Luis 04/01/2015
Bacalhau e buzinadas na trajetória do Velho Palhaço.
Uma das grandes contribuições de Ruy Castro e Fernando Morais ao darem contornos definitivos à biografia como gênero fundamental das letras brasileiras, é justamente terem aberto às portas à uma penca de novos autores que, com insuspeita competência, tem levado adiante esse bastão. Um deles sem dúvida é Denilson Monteiro.
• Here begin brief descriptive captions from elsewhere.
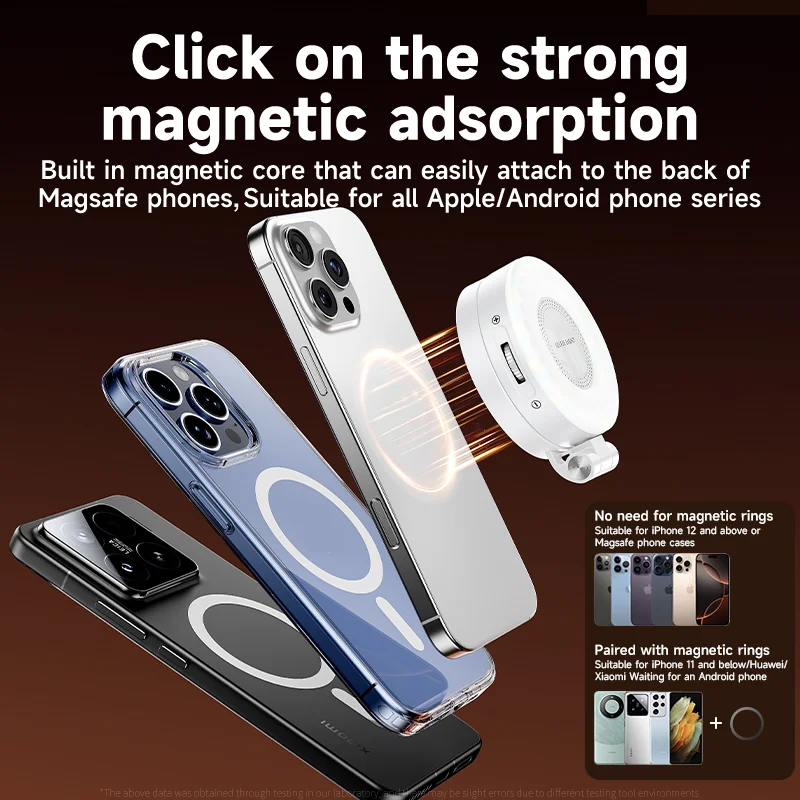 LED Selfie Fill Light for Mags - Photography Lighting Professional 리뷰 및 가격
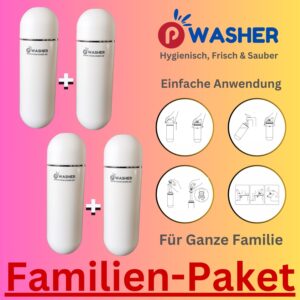 Familien-Paket-Powasher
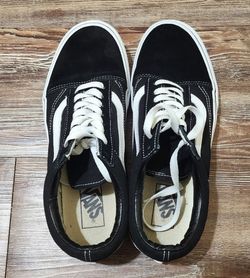 Vans Old Skool Black White Sneakers
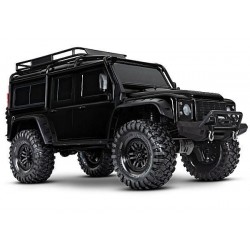 Traxxas Land Rover Defender TRX-4 1/10 RTR Negro TRX82056-4BLK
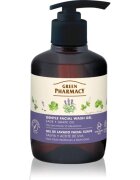 Green Pharmacy Sage & Thyme Face Wash nežen čistilni gel za kožo nagnjeno k razdraženosti 270 ml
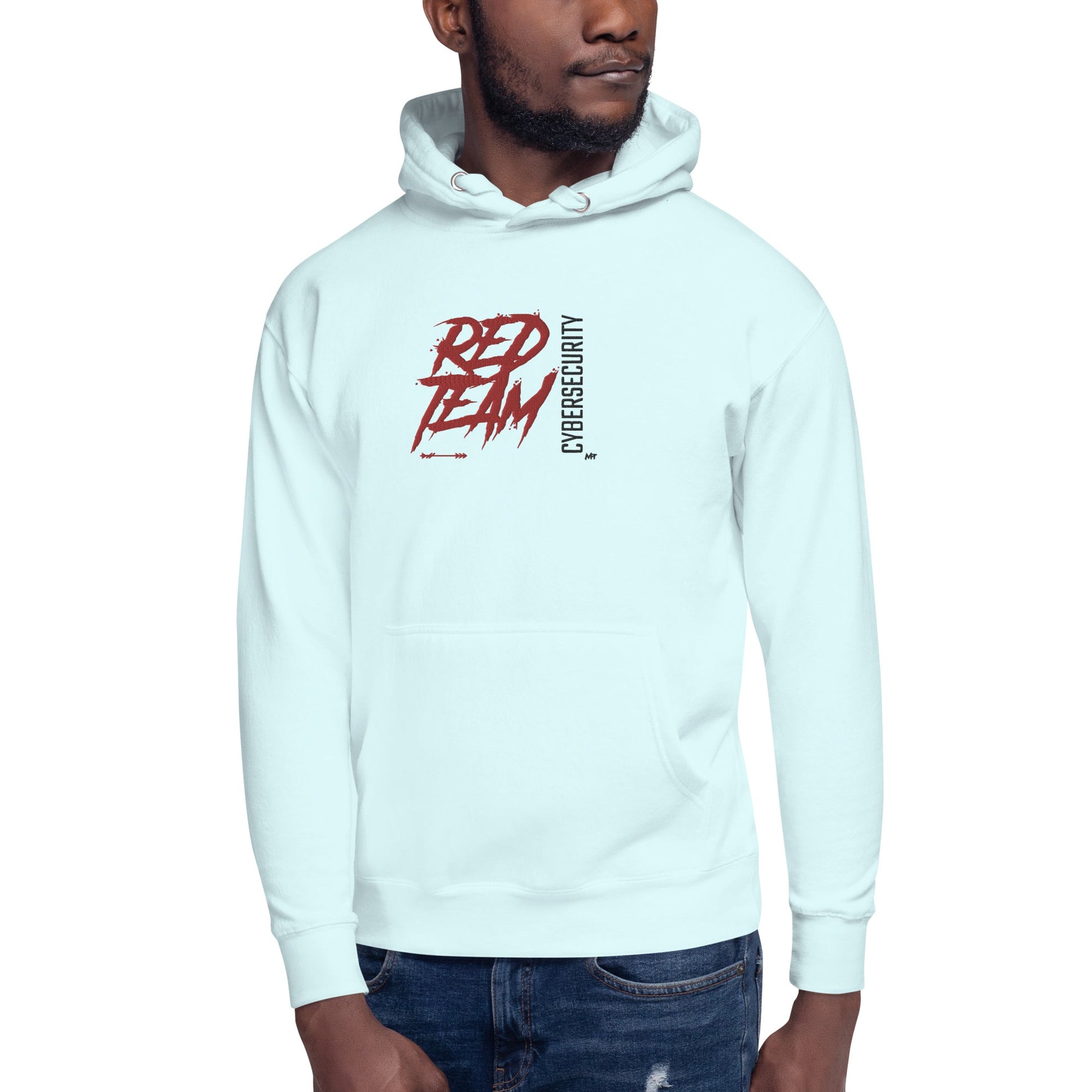 Cyber Security Red Team V10 - Unisex Hoodie (embroidered) by DarkByteGear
Destacando-se como pesquisador do livro “O Som e a fúria de Tim Maia”, assinado por Nelson Motta e, como autor do seminal “Dez, nota dez”, biografia de Carlos Imperial, além de “A Bossa do Lobo”, sobre Ronaldo Bôscoli, Denilson agora se debruça sobre a vida de um dos maiores nomes da TV brasileira em todos os tempos, Abelardo “Chacrinha” Barbosa.
Há muito o mundo editorial estava em dívida com o Velho Guerreiro, que há alguns anos já havia sido alvo de uma fraca biografia escrita por Lúcia Rito, “Quem não se comunica se trumbica” (Editora Globo, 1995), por isso, dado o currículo do autor e a importância do personagem, foram geradas grandes expectativas para “Chacrinha, a biografia” (Casa da Palavra, 2014). Embora o livro esteja longe de ser ruim, alguns problemas saltam aos olhos o que, de certa forma, frustra um pouco o leitor mais exigente que esperava uma obra de referência sobre a história televisiva do país.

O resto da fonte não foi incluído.